The fields of Loudoun County are disappearing. In their place is row upon row of cookie-cutter townhouses, clipped lawns and cul-de-sacs — a suburban landscape for as far as the eye can see. Unlike three decades ago, the residents are often from other places, like India and Korea. And when they vote, it is often for Democrats.
“Guns, that is the most pressing issue for me,” said Vijay Katkuri, 38, a software engineer from southern India, explaining why he voted for a Democratic challenger in Tuesday’s elections. He was shopping for chicken at the Indian Spice Food Market. “There are lots of other issues, but you can only fix them if you are alive.”

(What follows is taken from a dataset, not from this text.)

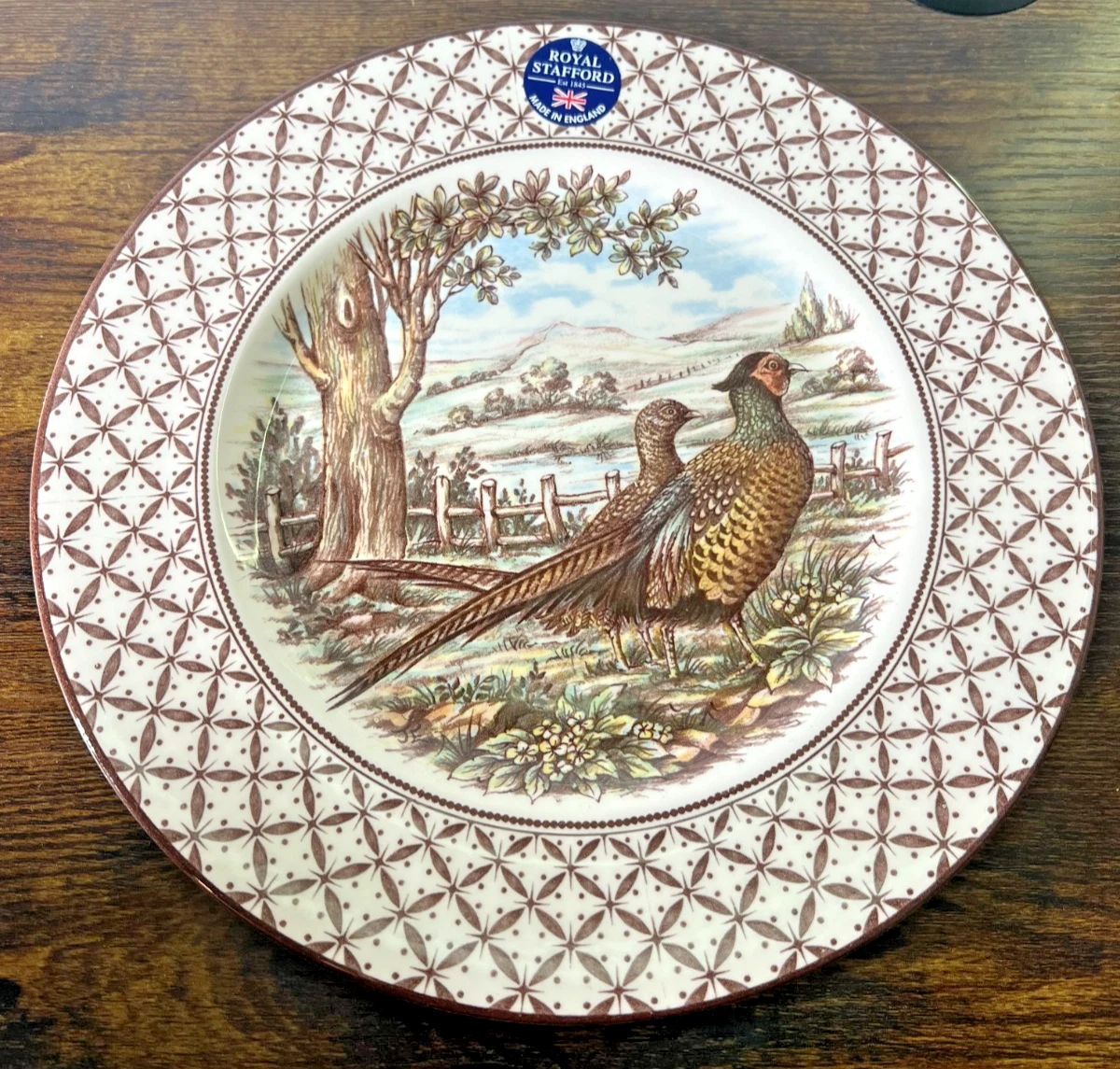 ROYAL STAFFORD NEW DINNER PLATES Thanksgiving Pheasant Quail Bird Christmas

Mr. Katkuri’s vote — the first of his life — helped flip a longtime Republican State Senate district and deliver the Virginia statehouse to the Democratic Party for the first time in a generation. It was a stunning political realignment for a southern state, and prompted days of prognosticating about President Trump’s own standing with suburban voters nationally in 2020. But while political leaders come and go, the deeper, more lasting force at work is demographics.
In the 13th Senate district, where Mr. Katkuri lives, one in five residents are immigrants. The district had been Republican for longer than Mr. Katkuri had been in the United States. He came in 2006 at the age of 25 as a tech worker, and lived for a while in New Jersey. But it was congested and expensive, and crime was high. After visiting a friend in Virginia, he moved.
“You drive from the northeast and you fall in love,” he said of Virginia. The state felt more like what he had imagined America would be. “I like the wide roads and green trees. In India, we didn’t have this.”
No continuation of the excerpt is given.